MATERIAL PROVIDED:
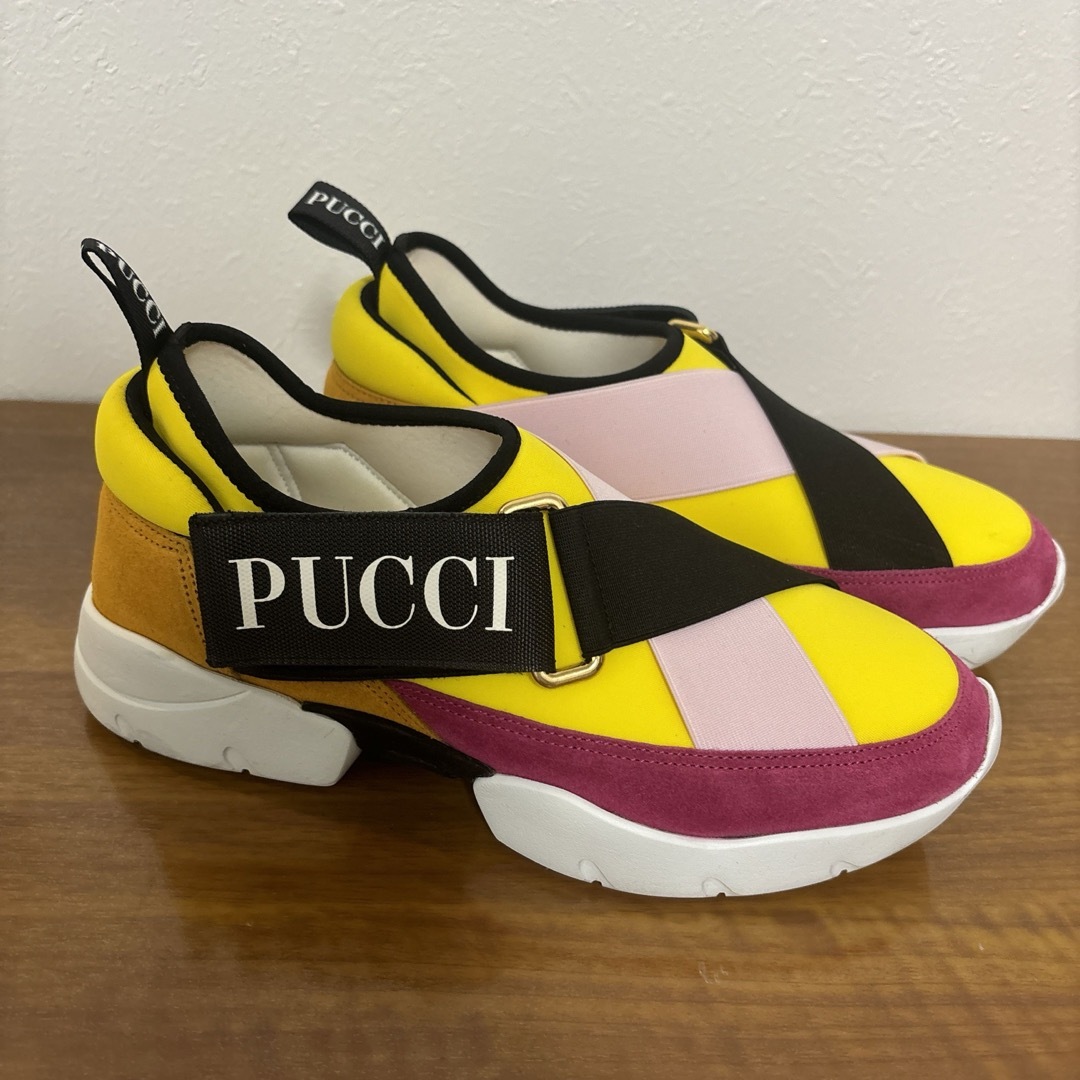 EMILIO PUCCI(エミリオプッチ)のEMILIO PUCCI（エミリオ・プッチ）　イエローマルチロゴ　スニーカー レディースの靴/シューズ(スニーカー)の商品写真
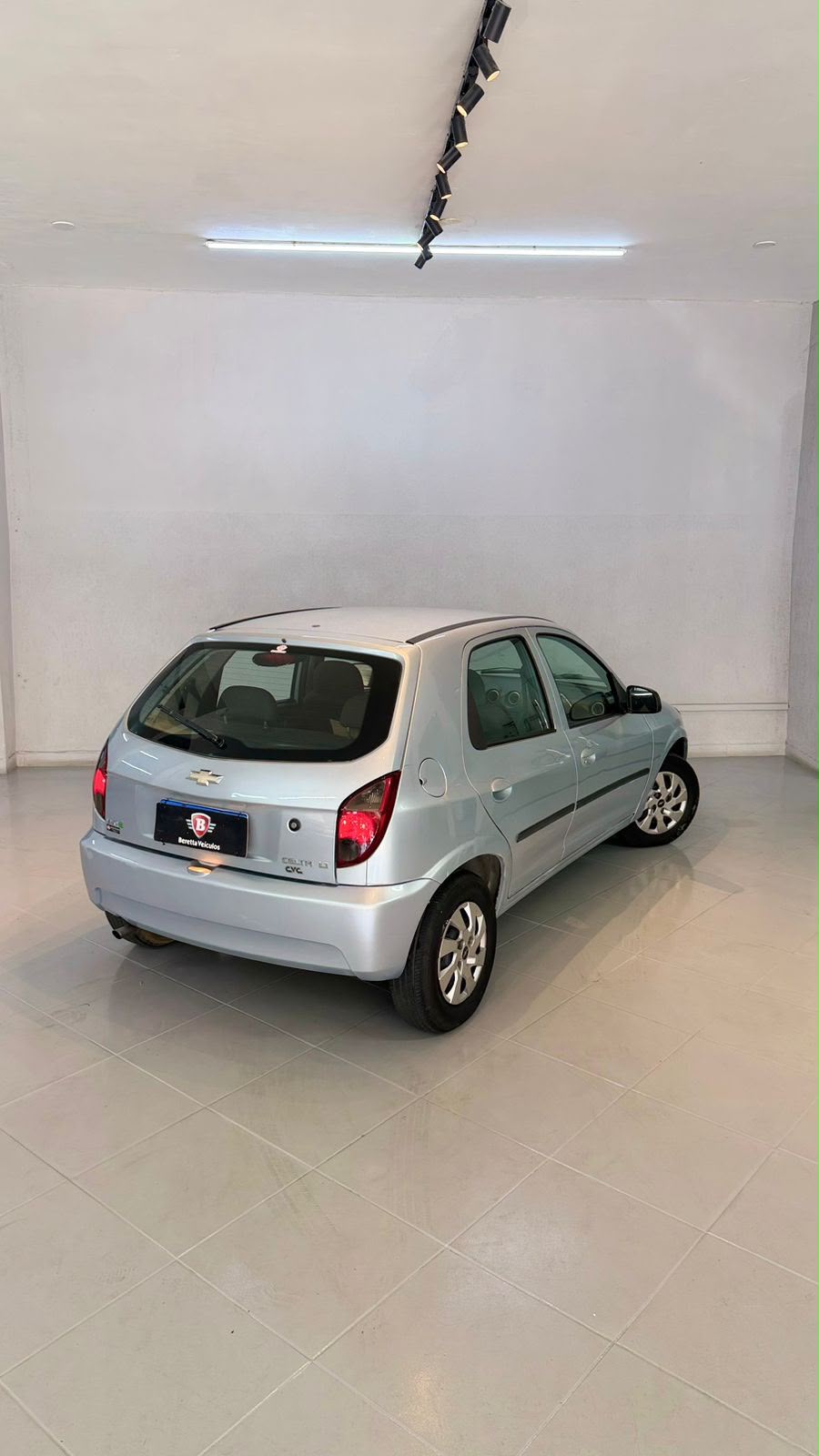 Chevrolet Celta — foto 13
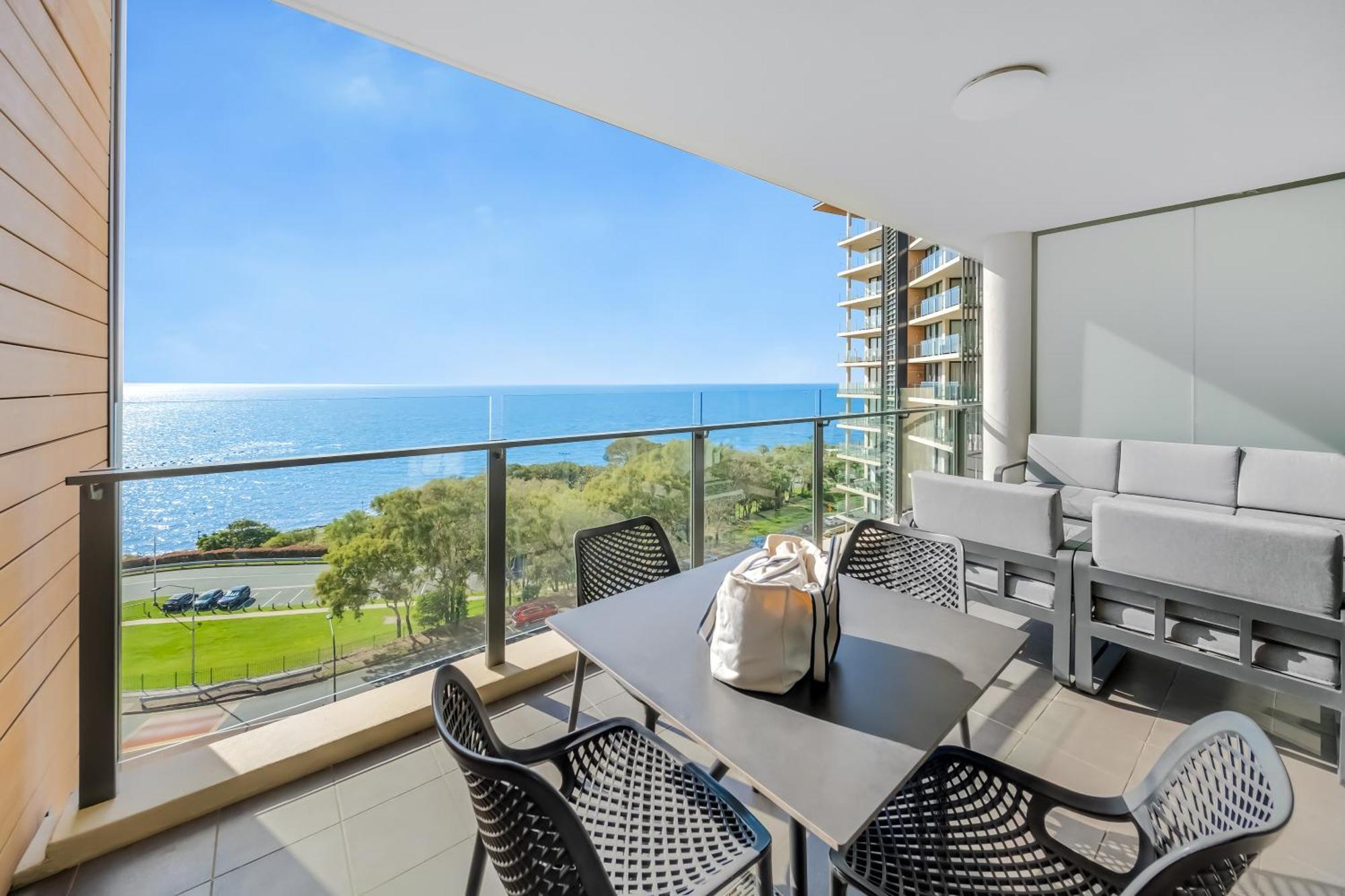 Oaks Redcliffe Mon Komo Suites Exteriér fotografie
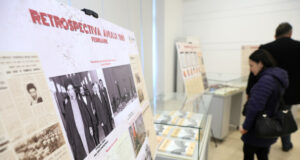 Аджерпрес: Изложба „Ретроспектива на 1989 г.“ – снимки, новинарски текстове и документи, беше открита в библиотеката на Румънската академия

PROBLEM: Once the pictures are set aside, repeat the data above exactly.

ANSWER SECTION:
 EMILIO PUCCI(エミリオプッチ)のEMILIO PUCCI（エミリオ・プッチ）　イエローマルチロゴ　スニーカー レディースの靴/シューズ(スニーカー)の商品写真
 Chevrolet Celta — foto 13
 Oaks Redcliffe Mon Komo Suites Exteriér fotografie
 Аджерпрес: Изложба „Ретроспектива на 1989 г.“ – снимки, новинарски текстове и документи, беше открита в библиотеката на Румънската академия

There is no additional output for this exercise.